• [What the exercise asks]
Repeat every entry word for word, skipping the pictures.

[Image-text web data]
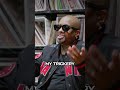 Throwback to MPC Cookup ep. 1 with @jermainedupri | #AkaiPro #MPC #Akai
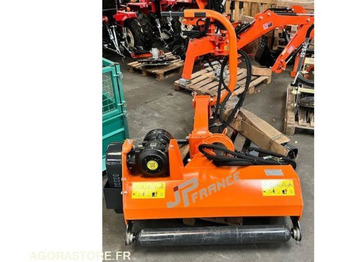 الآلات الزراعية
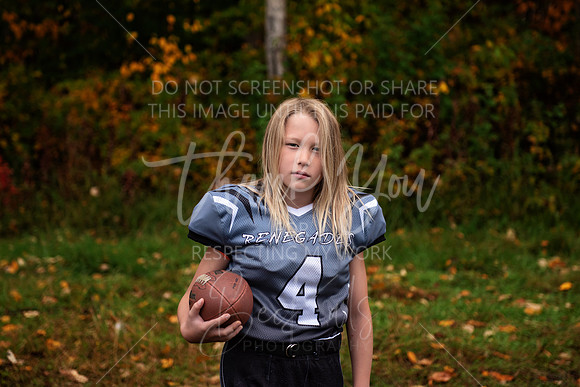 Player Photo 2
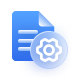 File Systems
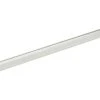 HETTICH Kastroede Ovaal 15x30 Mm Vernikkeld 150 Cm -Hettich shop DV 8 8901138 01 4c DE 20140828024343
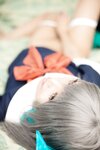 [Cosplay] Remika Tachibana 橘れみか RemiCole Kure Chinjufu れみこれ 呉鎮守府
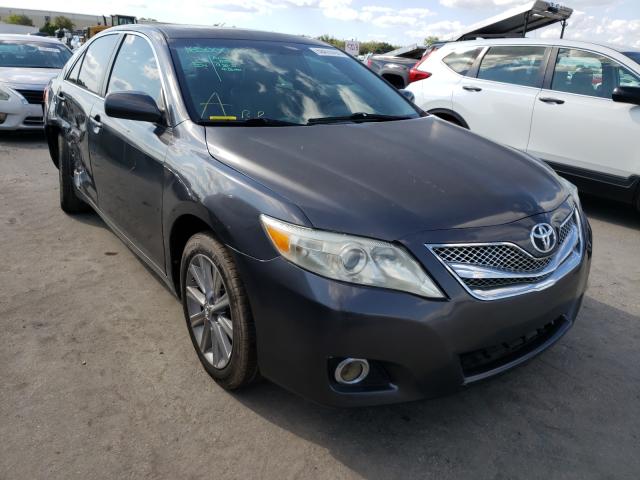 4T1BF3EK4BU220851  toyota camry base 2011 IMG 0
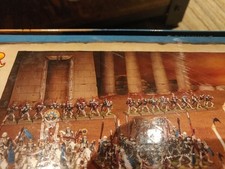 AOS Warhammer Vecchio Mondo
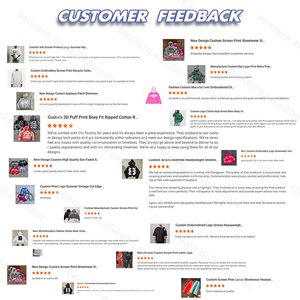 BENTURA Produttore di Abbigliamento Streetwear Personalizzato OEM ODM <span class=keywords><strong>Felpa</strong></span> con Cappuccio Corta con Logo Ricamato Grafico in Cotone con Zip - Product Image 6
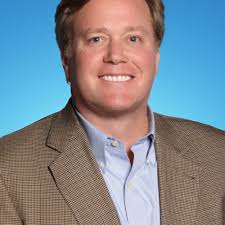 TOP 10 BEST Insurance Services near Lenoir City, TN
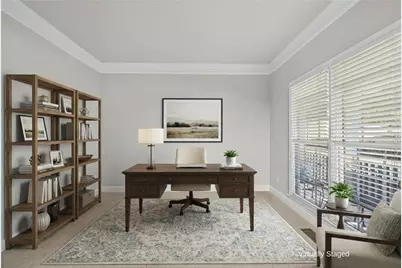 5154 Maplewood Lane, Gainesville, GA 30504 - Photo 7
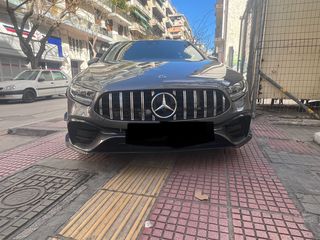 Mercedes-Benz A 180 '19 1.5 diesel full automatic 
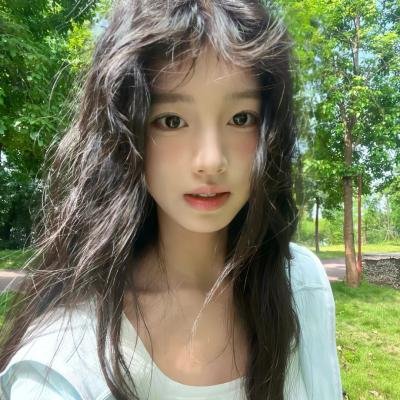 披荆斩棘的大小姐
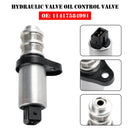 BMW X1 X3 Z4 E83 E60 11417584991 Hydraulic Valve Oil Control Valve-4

• [Answer to the exercise]
 Throwback to MPC Cookup ep. 1 with @jermainedupri | #AkaiPro #MPC #Akai
 الآلات الزراعية
 Player Photo 2
 File Systems
 HETTICH Kastroede Ovaal 15x30 Mm Vernikkeld 150 Cm -Hettich shop DV 8 8901138 01 4c DE 20140828024343
 [Cosplay] Remika Tachibana 橘れみか RemiCole Kure Chinjufu れみこれ 呉鎮守府
 4T1BF3EK4BU220851  toyota camry base 2011 IMG 0
 AOS Warhammer Vecchio Mondo
 BENTURA Produttore di Abbigliamento Streetwear Personalizzato OEM ODM <span class=keywords><strong>Felpa</strong></span> con Cappuccio Corta con Logo Ricamato Grafico in Cotone con Zip - Product Image 6
 TOP 10 BEST Insurance Services near Lenoir City, TN
 5154 Maplewood Lane, Gainesville, GA 30504 - Photo 7
 Mercedes-Benz A 180 '19 1.5 diesel full automatic 
 披荆斩棘的大小姐
 BMW X1 X3 Z4 E83 E60 11417584991 Hydraulic Valve Oil Control Valve-4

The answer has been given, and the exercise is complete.